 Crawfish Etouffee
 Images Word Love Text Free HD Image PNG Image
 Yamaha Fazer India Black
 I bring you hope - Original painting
--
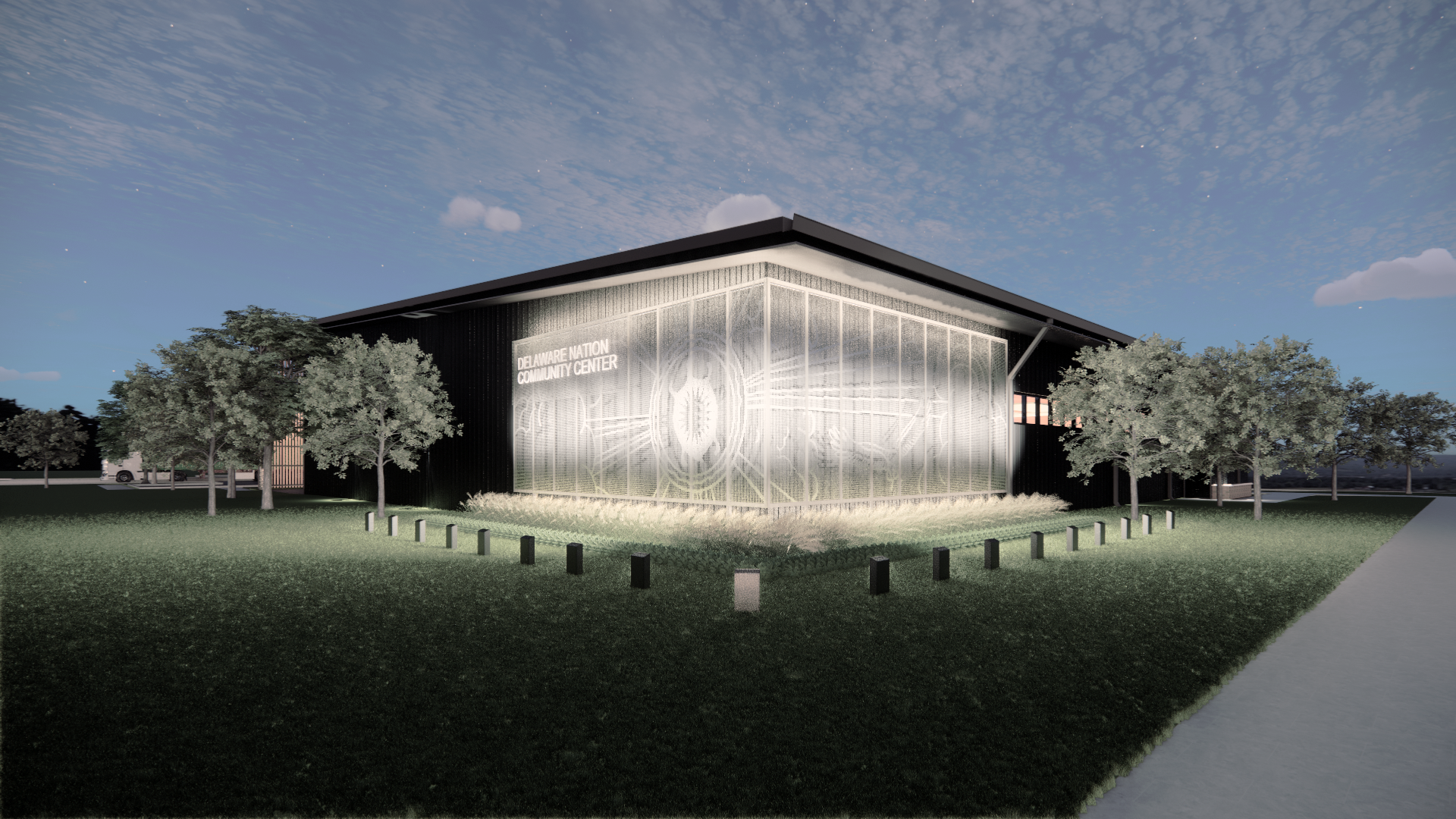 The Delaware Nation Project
* * *
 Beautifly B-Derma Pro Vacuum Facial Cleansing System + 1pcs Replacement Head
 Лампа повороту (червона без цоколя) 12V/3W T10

Problem statement
Please output exactly the lines between the one holding "Crawfish Etouffee" and the one holding "I bring you hope - Original painting" in the records above, inclusive, and nothing more.

Output of the exercise
 Crawfish Etouffee
 Images Word Love Text Free HD Image PNG Image
 Yamaha Fazer India Black
 I bring you hope - Original painting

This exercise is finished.